Posted November 21, 2019 5:21 p.m. EST
Updated November 23, 2019 4:46 p.m. EST

— At Chatham Central High School, Aedrin Albright teaches civics to 10th grade students, educating them about the impeachment process and the role political parties have within the process.

Albright has been including impeachments into her curriculum ever since she started teaching civics, 18 years ago, and says it just happens to relate more today with it being a current event.

“To me, this is the most important class they have in their high school career,” said Albright.

“I do believe that it is imperative that they have this class and learn as much as they can about government and the rights and responsibilities they have as citizens of this country,” Albright said.

When elections take place, she teaches the same way, focusing on the election process. She takes the current event and dives into it for her students to understand.

“We should have our own opinions so in the future we can be ready to vote. Everyone’s opinion, no matter how small, affects everyone when they vote,” said Francisco Morales.

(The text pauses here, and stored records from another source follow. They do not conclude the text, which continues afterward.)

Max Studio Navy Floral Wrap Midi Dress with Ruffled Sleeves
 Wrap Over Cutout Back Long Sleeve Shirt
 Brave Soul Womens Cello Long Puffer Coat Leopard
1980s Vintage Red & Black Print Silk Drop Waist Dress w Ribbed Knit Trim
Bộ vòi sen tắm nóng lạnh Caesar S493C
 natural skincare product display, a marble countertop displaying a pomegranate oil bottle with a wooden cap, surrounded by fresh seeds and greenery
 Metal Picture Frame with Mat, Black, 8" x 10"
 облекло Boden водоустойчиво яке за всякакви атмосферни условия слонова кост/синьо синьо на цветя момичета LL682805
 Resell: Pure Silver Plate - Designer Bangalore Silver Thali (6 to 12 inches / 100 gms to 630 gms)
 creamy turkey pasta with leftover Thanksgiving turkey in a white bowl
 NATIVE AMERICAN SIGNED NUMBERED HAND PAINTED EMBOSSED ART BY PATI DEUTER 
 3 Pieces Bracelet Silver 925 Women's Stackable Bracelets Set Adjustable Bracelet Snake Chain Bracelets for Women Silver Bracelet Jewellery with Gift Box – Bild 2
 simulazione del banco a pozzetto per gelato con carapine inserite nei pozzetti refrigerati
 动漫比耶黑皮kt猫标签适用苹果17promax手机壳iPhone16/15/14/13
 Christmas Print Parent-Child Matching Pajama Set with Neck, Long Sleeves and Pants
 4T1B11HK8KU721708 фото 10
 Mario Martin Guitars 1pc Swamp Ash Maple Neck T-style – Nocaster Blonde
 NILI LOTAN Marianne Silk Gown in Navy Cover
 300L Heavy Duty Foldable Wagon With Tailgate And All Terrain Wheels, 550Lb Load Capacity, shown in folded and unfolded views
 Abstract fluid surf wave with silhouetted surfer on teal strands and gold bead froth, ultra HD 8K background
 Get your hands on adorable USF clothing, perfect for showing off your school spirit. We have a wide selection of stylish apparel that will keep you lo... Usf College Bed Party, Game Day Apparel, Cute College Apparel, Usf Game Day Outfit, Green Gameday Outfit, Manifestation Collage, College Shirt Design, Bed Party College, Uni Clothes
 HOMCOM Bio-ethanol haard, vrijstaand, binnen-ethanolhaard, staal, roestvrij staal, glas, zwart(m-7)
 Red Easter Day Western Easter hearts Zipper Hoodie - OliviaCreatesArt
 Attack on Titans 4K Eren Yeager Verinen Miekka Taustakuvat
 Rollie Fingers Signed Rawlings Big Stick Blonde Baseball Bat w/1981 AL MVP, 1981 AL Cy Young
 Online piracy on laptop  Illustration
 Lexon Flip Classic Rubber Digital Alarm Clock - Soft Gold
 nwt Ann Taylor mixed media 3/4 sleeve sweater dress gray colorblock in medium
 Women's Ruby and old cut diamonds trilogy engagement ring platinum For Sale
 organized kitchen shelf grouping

In some high schools, civics and government would be a 12th grade class, but in Chatham County it’s a 10th grade class.

Albright hopes she gives her students a better understanding of what’s happening on the news and what they see on social media.

“It is very important for young people to go ahead and be informed of their civic responsibilities, their civic duties, and understand how the government works,” she said.

This is the first and only rural high school to be a demonstration school for AVID – that’s an acronym that stands for Advancement Via Individual Determination – and Albright’s students work in groups and go through stations that include a lot of discussions and writing.

Chatham County students learn about impeachment process

“I enjoy the collaborations in our groups,” said Collin Laggaor.

“We get to talk about real situations in life and describe the process of impeachment and how it works and starts. After taking this class, I will see both sides before I see mine and only mine,” said Laggaor.

During a 90minute class period, the students work in groups to understand the impeachment process by reading the Constitution, watching clips of President Donald Trump’s impeachment hearings, gather information from past impeachment hearings and put pieces of puzzles together to decide if they think Trump should be impeached or not.

Based on what the students come up with, they reason with their classmates and try to persuade others to their point of view.

“I enjoy the debates and seeing the different points of views. It stops us from being biased because we see from each other’s side,” said Makizah Cotton.

Albright held debates in the class to get students to understand how an impeachment process happens from start to finish.

“I gave them four articles – two in favor of impeachment and two not in favor of impeachment. They used these sources to discuss whether or not [Trump] should be impeached. There were three originally for the impeachment, about 10 in the middle, and the rest of them, which was the majority of the class, was for no impeachment.”

Within all the group work, they remain civil and respectful while trying to reason and come to a conclusion of whether they are for impeachment or against it.

“Mrs. Albright is just like another mother to me. She gets us, and she understands what we don’t know and tries to teach us by that. She really cares about us learning about the impeachment process and everything,” said Carleigh Gentry.

“We’re the next generation, and we have to know these things because soon, we’re going to be the new history, and we need to make sure that we do things right,” said Gentry.

Albright wants all of her students to have knowledge about the government, know how a president gets voted into office, the checks and balances, and the rule of law when they leave this class.

“The biggest takeaway is learning to be civil with your discussions, learning to be passionate at the same time about your views and opinions, and also learning about the government," Albright said.